• PROBLEM DESCRIPTION
Repeat nothing but the lines below running from the one containing "1000003422.jpg - makx9" to the one containing "Mercedes-Benz A 250". Keep both end lines.

-------

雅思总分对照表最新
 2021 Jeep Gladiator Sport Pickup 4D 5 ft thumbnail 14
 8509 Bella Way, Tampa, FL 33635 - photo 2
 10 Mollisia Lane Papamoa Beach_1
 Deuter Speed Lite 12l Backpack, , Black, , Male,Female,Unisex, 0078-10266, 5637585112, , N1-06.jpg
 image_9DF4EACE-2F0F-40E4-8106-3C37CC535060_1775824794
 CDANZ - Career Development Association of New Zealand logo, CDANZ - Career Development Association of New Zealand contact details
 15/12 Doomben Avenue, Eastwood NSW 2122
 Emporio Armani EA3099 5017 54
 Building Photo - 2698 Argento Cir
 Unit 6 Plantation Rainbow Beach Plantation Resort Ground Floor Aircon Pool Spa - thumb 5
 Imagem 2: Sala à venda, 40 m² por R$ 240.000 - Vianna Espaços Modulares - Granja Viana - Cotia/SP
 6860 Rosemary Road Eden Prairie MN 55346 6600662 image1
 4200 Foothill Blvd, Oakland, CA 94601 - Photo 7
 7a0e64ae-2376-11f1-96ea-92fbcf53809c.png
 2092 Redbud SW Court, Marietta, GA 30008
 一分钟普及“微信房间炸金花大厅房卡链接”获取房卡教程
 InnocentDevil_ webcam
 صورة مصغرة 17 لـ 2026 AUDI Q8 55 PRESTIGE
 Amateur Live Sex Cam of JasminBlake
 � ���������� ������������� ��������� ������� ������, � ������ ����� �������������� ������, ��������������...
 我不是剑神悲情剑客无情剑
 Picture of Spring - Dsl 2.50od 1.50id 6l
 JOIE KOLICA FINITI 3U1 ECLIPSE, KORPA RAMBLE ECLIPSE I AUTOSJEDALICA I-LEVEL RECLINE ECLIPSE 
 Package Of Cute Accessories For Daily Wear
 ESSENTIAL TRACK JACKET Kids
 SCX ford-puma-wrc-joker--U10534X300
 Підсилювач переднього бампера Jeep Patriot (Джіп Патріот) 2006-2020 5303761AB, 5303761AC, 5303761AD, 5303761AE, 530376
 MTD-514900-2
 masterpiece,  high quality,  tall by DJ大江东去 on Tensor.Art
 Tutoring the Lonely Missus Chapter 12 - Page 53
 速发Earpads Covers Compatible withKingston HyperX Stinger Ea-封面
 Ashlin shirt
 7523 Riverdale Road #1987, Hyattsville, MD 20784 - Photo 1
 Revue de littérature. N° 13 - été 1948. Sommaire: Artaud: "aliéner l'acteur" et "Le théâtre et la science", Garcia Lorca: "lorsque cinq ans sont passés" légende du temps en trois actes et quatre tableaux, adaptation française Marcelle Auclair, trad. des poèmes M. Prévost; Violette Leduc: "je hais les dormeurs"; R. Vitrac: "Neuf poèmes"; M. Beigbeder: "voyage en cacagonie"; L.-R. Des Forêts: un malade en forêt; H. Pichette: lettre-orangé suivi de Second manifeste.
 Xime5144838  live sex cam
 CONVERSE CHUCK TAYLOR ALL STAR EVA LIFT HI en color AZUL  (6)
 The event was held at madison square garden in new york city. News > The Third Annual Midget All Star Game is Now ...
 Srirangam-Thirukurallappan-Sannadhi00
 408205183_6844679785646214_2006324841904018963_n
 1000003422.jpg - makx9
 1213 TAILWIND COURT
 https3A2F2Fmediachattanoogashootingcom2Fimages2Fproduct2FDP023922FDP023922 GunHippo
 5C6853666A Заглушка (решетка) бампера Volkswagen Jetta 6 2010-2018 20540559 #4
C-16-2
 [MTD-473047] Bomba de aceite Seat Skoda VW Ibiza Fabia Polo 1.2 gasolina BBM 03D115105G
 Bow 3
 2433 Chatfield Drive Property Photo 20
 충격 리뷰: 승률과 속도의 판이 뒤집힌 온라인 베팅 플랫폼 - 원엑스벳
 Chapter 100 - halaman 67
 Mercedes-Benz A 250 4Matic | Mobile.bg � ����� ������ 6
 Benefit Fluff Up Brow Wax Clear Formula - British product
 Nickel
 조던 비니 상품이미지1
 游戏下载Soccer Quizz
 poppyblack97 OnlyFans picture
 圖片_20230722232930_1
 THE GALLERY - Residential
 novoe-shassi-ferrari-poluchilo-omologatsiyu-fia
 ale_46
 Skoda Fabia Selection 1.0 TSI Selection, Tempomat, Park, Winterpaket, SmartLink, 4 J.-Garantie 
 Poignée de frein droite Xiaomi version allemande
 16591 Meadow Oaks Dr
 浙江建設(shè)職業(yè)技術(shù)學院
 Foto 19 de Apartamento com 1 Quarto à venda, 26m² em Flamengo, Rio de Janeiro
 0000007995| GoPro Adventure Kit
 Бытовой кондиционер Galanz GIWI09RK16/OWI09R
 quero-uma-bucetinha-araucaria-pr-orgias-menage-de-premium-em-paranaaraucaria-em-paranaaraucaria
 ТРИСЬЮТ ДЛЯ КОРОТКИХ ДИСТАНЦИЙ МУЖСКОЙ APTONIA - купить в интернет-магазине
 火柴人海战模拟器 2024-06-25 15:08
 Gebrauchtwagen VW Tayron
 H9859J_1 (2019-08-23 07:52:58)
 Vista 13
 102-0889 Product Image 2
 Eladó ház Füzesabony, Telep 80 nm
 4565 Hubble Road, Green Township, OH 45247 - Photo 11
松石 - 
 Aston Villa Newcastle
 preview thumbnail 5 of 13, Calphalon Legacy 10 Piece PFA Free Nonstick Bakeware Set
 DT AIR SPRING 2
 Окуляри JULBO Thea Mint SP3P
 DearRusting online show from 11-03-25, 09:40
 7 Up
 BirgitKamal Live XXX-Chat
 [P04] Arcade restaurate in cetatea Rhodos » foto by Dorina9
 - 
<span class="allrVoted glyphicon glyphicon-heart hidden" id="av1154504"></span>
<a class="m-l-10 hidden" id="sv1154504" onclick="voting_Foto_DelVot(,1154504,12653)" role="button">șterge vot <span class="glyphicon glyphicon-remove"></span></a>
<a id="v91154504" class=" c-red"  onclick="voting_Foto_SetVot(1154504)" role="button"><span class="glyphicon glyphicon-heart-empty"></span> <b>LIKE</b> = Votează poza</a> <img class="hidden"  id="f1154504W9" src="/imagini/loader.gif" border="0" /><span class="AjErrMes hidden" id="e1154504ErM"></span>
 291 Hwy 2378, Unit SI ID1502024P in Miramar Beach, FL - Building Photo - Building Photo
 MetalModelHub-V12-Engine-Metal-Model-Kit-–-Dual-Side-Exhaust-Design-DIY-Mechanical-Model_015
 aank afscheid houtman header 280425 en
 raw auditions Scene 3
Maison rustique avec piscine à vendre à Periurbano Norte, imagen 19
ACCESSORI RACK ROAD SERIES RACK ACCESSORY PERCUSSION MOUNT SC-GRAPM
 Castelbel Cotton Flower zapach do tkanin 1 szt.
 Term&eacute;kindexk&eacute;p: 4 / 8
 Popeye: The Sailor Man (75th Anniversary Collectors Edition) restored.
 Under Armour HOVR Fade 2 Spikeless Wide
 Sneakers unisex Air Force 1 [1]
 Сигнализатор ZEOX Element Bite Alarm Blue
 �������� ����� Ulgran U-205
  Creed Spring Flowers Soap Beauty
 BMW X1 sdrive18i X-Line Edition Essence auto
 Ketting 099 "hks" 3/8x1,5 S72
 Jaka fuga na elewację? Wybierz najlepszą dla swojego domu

-------

• ANSWER TO THE PROBLEM
 1000003422.jpg - makx9
 1213 TAILWIND COURT
 https3A2F2Fmediachattanoogashootingcom2Fimages2Fproduct2FDP023922FDP023922 GunHippo
 5C6853666A Заглушка (решетка) бампера Volkswagen Jetta 6 2010-2018 20540559 #4
C-16-2
 [MTD-473047] Bomba de aceite Seat Skoda VW Ibiza Fabia Polo 1.2 gasolina BBM 03D115105G
 Bow 3
 2433 Chatfield Drive Property Photo 20
 충격 리뷰: 승률과 속도의 판이 뒤집힌 온라인 베팅 플랫폼 - 원엑스벳
 Chapter 100 - halaman 67
 Mercedes-Benz A 250 4Matic | Mobile.bg � ����� ������ 6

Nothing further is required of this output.